About the Way Out West Landscapes
When I decided to begin painting representationally late in my art career around 1997, I was attracted to landscapes as a medium for making philosophical comments about our modern existence on the Planet Earth, as well as providing an excellent stage upon which to make observations about the economy and the environment.

I’ve always been drawn to landscape painting, although that can take many forms. I think of my “Earth Paintings” of the late 1980s as landscapes.  Landscapes offer opportunities for statements and commentary about the relationship between culture and nature.  Landscape painting, even if it’s not al fresca, also encourages a more thoughtful relationship with the Earth and natural forces. I love how landscapes create “space”, even when they also have a lot of “surface”.  This produces a tension between the illusion and the actuality that has always appealed to me.

In the Earth Paintings I used sand and gravel I found in the wild, and mixed them with Acrylic emulsion to build up a thick surface. I also use sand, gravel and raw pigment to build the ground of the new landscapes. I like texture, and so my paintings have over time become more and more like bas reliefs.

Some people often ask if I love the desert. I do, but I’m much more interested in creating a vast expanse in my landscapes. I want to create a vision of a wasteland, a vast territory where people come and go in their all-terrain vehicles. People are nomadic, settlements are temporary, structures are disposable, roadside attractions are fleeting. “Unfinished Ghost Town” sums it up well. The brush is moved by the unseen hands of market forces.
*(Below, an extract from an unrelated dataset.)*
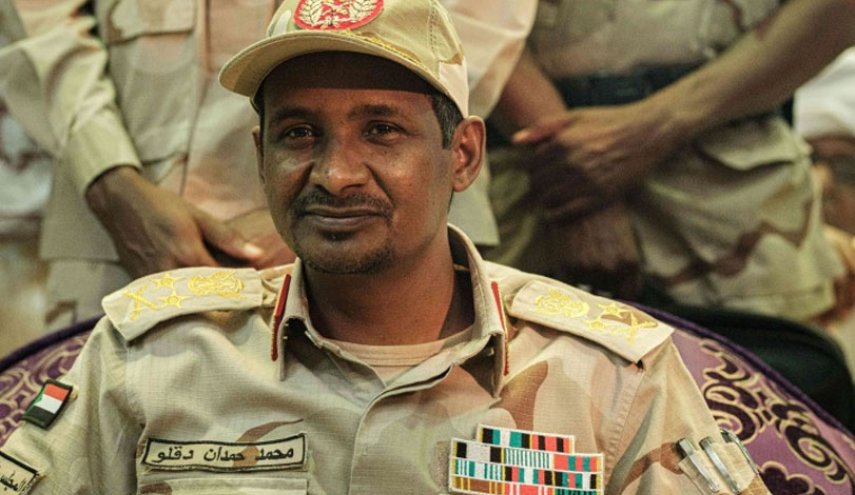'حمدان دقلو' يعلن تأمين حدود السودان مع أفريقيا الوسطى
I grew up in Manitoba, and the Big Sky of the Great Western Plains has had a lasting influence on me. My favourite things to paint are skies. I do not want to spend a lot of time painting cars, trucks and tiny little people. I tried that in “Sky Should be Blue, No?”: much too time consuming. Essentially, painting cars is not what my paintings are about.  I used collage in “Ghost Town”, and I was forever printing small images from the computer to use as cut-outs to manipulate on the surface. It was an obvious next step to incorporate more collage into my paintings, especially if it involved images of corporate brands and commodities.  With Google Image, if I wanted a picture of a red 1965 Buick Wildcat in profile, I could probably find one, and then print it exactly the size I needed.

I insist on surface and relief in my paintings, because I want the painting to affect the viewer more than simply through their retinas. I have no love for photography other than as a tool to further my paintings. I want paintings that don’t fit neatly into a category. That’s why I’m usually trying to do things differently. I have painted “the Painter’s Hand” or stuck a paintbrush on the surface, simply to break the idee fixe of the picture plane and a finished painting. Those paintings always retain a certain unfinished, playful freshness for me. Painting is a noun, but also a verb. I’m pleased when I can keep the painting alive, and have it make a fresh unexpected impact on the viewer.

Now I am painting more and more in a non-representational way, but I still enjoy working on the landscapes. They allow me a wide range of expression both serious and comic.